### WORK REQUIRED
Reproduce the complete listing without any deviation.

### EXERCISE DATA
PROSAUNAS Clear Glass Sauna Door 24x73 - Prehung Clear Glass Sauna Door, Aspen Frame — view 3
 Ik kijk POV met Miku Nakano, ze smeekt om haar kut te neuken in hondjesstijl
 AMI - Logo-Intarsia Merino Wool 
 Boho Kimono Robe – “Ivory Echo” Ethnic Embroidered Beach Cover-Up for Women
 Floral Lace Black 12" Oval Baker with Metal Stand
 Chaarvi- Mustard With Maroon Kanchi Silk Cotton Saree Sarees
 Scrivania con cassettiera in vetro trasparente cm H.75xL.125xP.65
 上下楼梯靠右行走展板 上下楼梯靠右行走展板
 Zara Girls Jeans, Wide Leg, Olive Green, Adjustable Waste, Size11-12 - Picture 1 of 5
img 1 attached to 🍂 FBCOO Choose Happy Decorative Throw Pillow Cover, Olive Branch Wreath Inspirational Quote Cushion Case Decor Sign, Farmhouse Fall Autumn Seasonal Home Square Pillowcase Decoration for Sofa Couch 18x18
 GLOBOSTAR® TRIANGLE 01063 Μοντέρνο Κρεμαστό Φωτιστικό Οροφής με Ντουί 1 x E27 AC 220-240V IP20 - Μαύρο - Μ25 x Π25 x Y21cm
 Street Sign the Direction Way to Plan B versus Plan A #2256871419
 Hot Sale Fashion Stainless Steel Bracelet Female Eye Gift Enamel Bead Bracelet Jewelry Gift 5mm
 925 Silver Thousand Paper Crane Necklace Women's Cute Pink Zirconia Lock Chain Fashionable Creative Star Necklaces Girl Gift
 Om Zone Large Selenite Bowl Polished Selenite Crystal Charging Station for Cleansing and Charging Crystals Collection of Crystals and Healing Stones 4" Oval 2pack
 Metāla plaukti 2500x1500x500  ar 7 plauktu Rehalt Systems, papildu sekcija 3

### SOLUTION
PROSAUNAS Clear Glass Sauna Door 24x73 - Prehung Clear Glass Sauna Door, Aspen Frame — view 3
 Ik kijk POV met Miku Nakano, ze smeekt om haar kut te neuken in hondjesstijl
 AMI - Logo-Intarsia Merino Wool 
 Boho Kimono Robe – “Ivory Echo” Ethnic Embroidered Beach Cover-Up for Women
 Floral Lace Black 12" Oval Baker with Metal Stand
 Chaarvi- Mustard With Maroon Kanchi Silk Cotton Saree Sarees
 Scrivania con cassettiera in vetro trasparente cm H.75xL.125xP.65
 上下楼梯靠右行走展板 上下楼梯靠右行走展板
 Zara Girls Jeans, Wide Leg, Olive Green, Adjustable Waste, Size11-12 - Picture 1 of 5
img 1 attached to 🍂 FBCOO Choose Happy Decorative Throw Pillow Cover, Olive Branch Wreath Inspirational Quote Cushion Case Decor Sign, Farmhouse Fall Autumn Seasonal Home Square Pillowcase Decoration for Sofa Couch 18x18
 GLOBOSTAR® TRIANGLE 01063 Μοντέρνο Κρεμαστό Φωτιστικό Οροφής με Ντουί 1 x E27 AC 220-240V IP20 - Μαύρο - Μ25 x Π25 x Y21cm
 Street Sign the Direction Way to Plan B versus Plan A #2256871419
 Hot Sale Fashion Stainless Steel Bracelet Female Eye Gift Enamel Bead Bracelet Jewelry Gift 5mm
 925 Silver Thousand Paper Crane Necklace Women's Cute Pink Zirconia Lock Chain Fashionable Creative Star Necklaces Girl Gift
 Om Zone Large Selenite Bowl Polished Selenite Crystal Charging Station for Cleansing and Charging Crystals Collection of Crystals and Healing Stones 4" Oval 2pack
 Metāla plaukti 2500x1500x500  ar 7 plauktu Rehalt Systems, papildu sekcija 3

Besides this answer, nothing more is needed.